Reyhan Vural, 48, and her 59-year-old husband Metin survived the devastating Feb. 6 quake that killed more than 50,000 people in Turkey and Syria. But like many who made it out alive, they now struggle with having lost nearly everything.
The Vural family and many others kept decades-worth of savings at home in the form of gold – usually coins or jewellery – a long-standing practice in Turkey and the Middle East where storing the precious metal at home is often trusted more than depositing cash in a bank.
“Our everything is in the rubble,” Vural said, gesturing at the mound of debris that was her home on a quiet street lined with citrus trees. “We were going to buy a house and the gold for it was in there,” she said.
Vural and her husband come to the wreckage every day to see if they could locate their valuables. “I know where the gold is, so when the diggers come, I’ll ask them to stop for a moment to see if I can get it out.”
Turkey’s residents have also increasingly favoured buying gold to shield themselves from rampant inflation and a steep decline in the value of the Turkish lira in recent years.
“No-one believes in the state. They believe in gold,” said a contractor clearing rubble and who declined to give his name.
Authorities are swiftly clearing the rubble and starting to focus on rebuilding for the millions who lost their homes.

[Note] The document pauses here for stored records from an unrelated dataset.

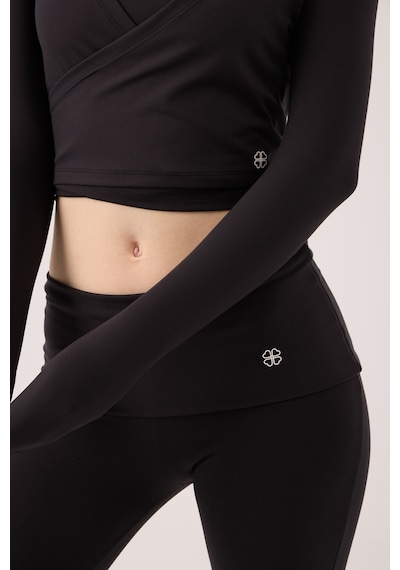 Holly Lolly Bağlamalı Crop Kesim Ellen Bolero Siyah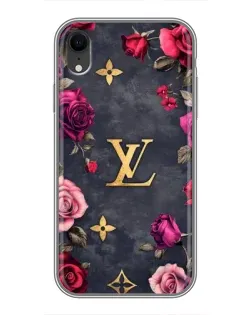 Чохол для iPhone Xr з картинкою «Квітковий Louis Vuitton»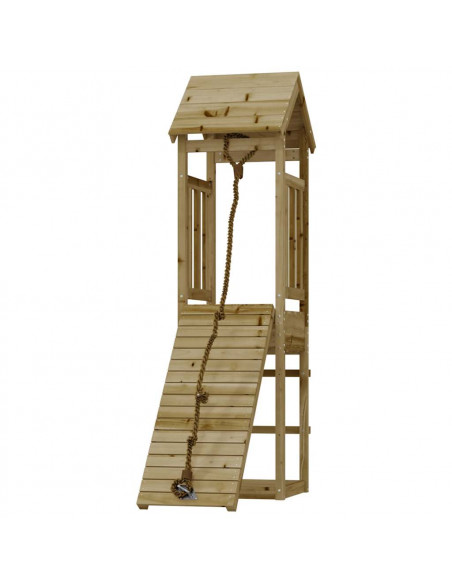 Casetta con Arrampicata in Legno di Pino Impregnato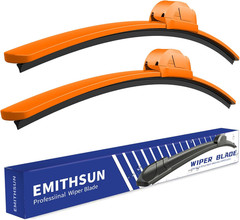 OEM QUALITY 26&Prime; + 17&Prime; Premium All-Seasons Durable Stable and Quiet Orange Windsh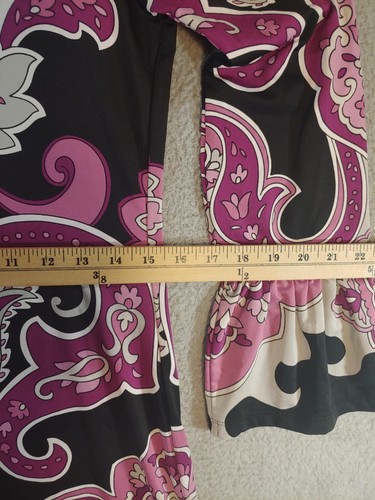 International Concepts Dress Medium Petite Womens paisley Bell Sleeve - Picture 7 of 7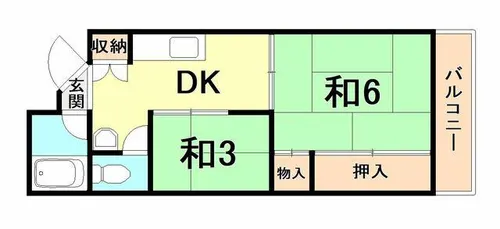 サムティ青木【3階】の間取り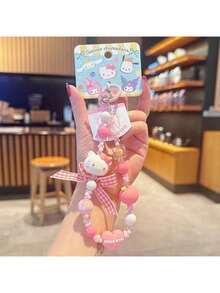 Hello Kitty Special Edition Fruit Beaded Bracelet & Pendant, Officially Licensed Accessory To Add Vitality To Your Style, Also A Sweet Gift Choice For Friends And Family - Pink - View 7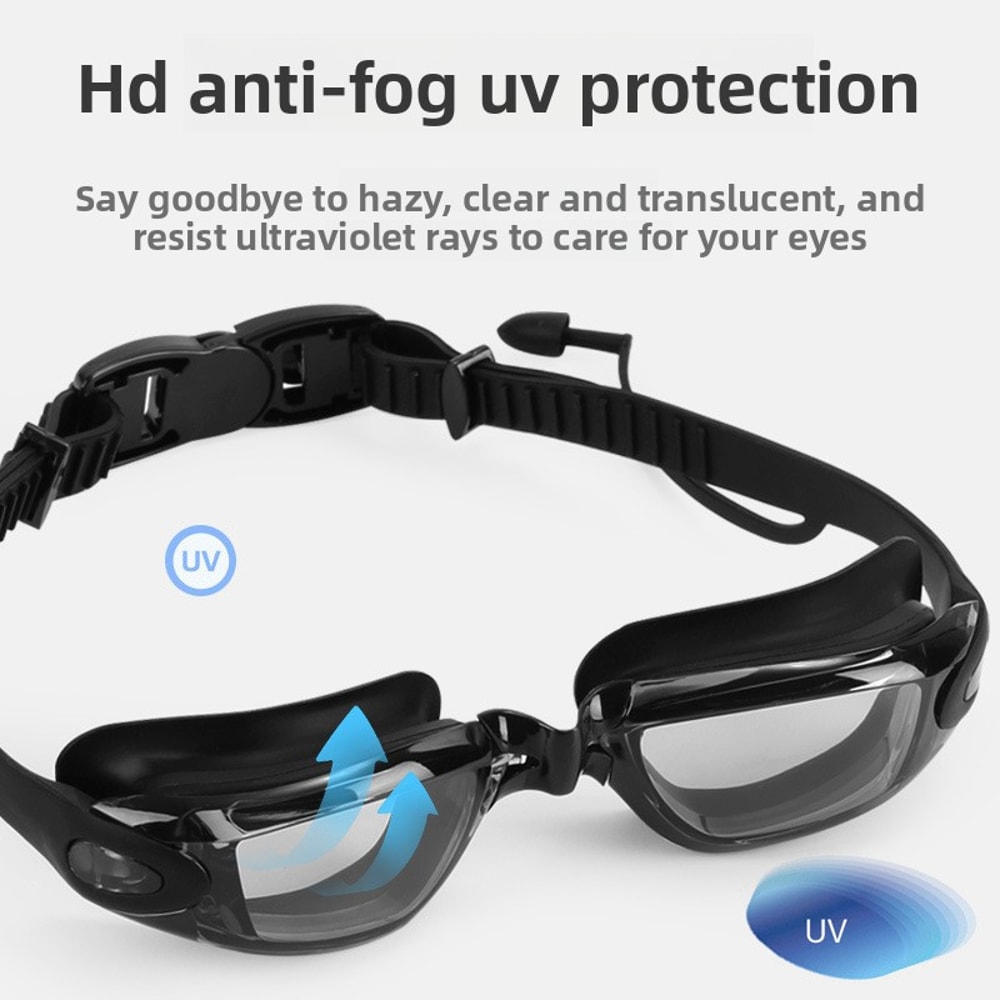 Clear View Anti Fog Adult Swimming Goggles Leakproof Wide View Silicone Swim Goggles 2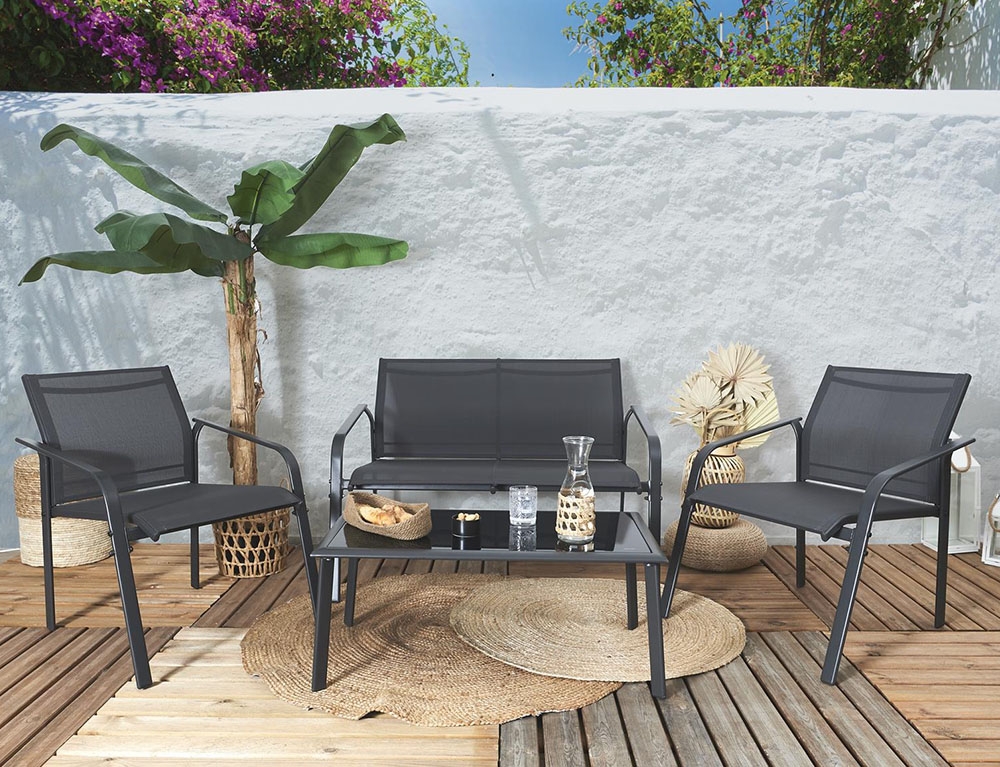 Έπιπλα Κήπου & Βεράντας Naxos Gray Garden Lounge Hdo7243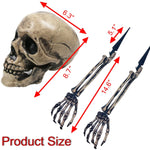 Realistic Skeleton Stakes Halloween Decoration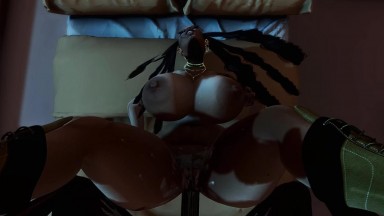 SECOND LIFE - LATE NIGHT EBONY POUNDING ENDS IN CREAMPIE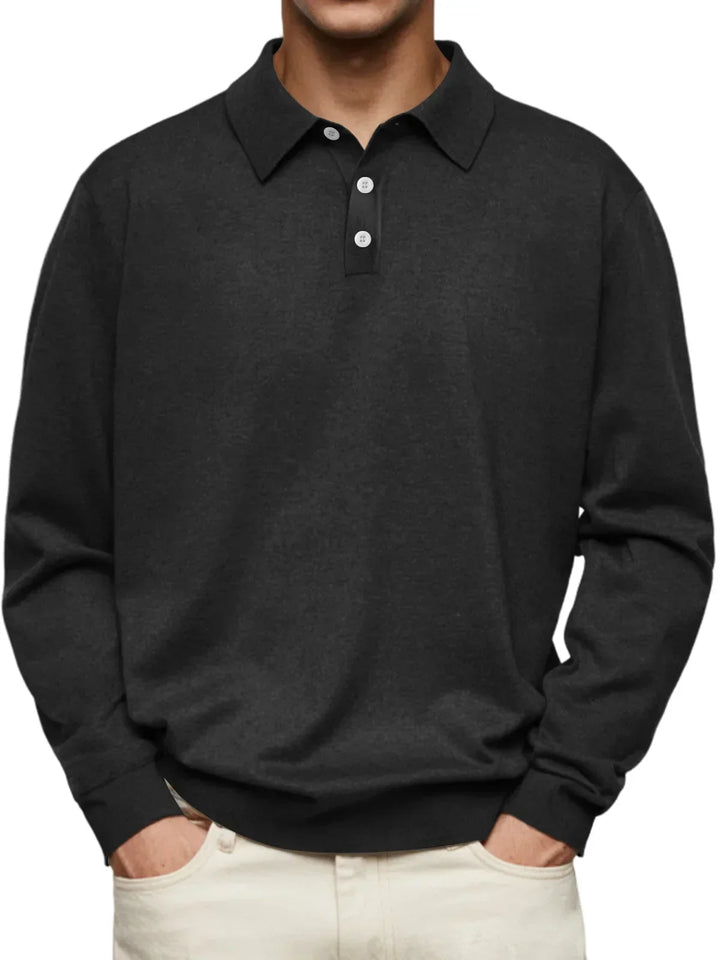 ENZO | Polo informal de manga larga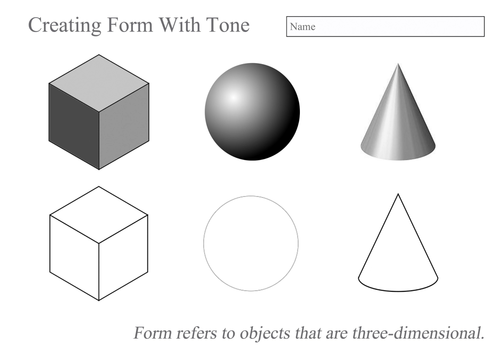 Creating Form with Tone by - UK Teaching Resources - TES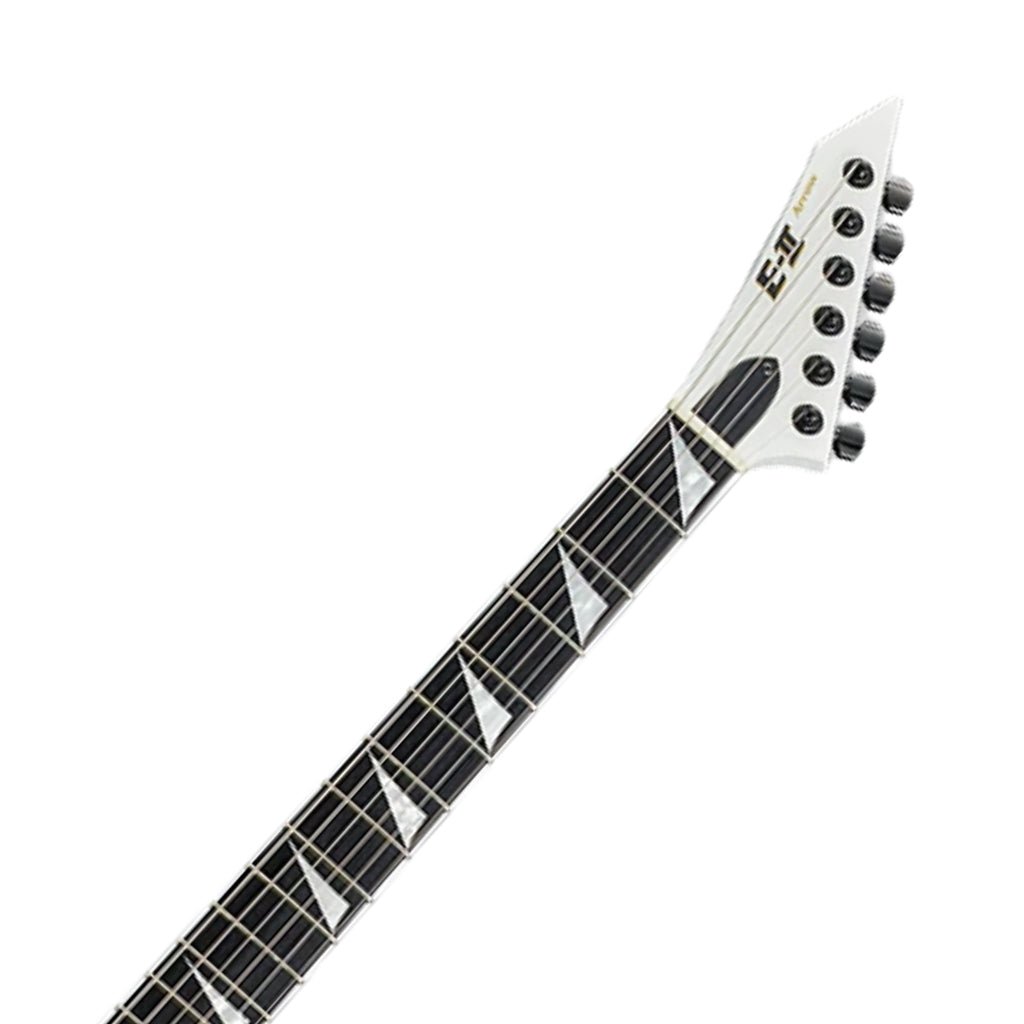 ESP E-II Arrow Neck Thru Electric Guitar w/Case - Snow White Electric Guitars Sky Music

But the disaster zone is still dotted with people who wait by the ruins and sift through the wreckage to find their valuables.
BRIDE’S GOLD
Hatice Yigit, 57, survived six days under the rubble of an apartment block in Antakya before being rescued by British emergency workers. After recovering, she went back to the site, hoping to retrieve some 50,000 Turkish lira ($2,600), mostly in gold, saved up for her daughter’s marriage.
“It’s all in there. Even my dreams are in there,” she said.
Her daughter’s wedding may need to be postponed for some years if she doesn’t find it, she said.
Gold is meant to give a financial head start to newly-weds.
Others fear they will never find their savings.
Fadi Kabbani, originally from Idlib, Syria, lost his wife and seven-year-old son when the building he lived in collapsed.
He now lives in a makeshift tent, but said the $1,000 worth of gold he lost, while not a large sum, would have secured better lodging and food for him and his surviving son.
It took four days to be able to retrieve his wife’s body, he said. “We didn’t think about anything else… now, we are sure there is nothing left.”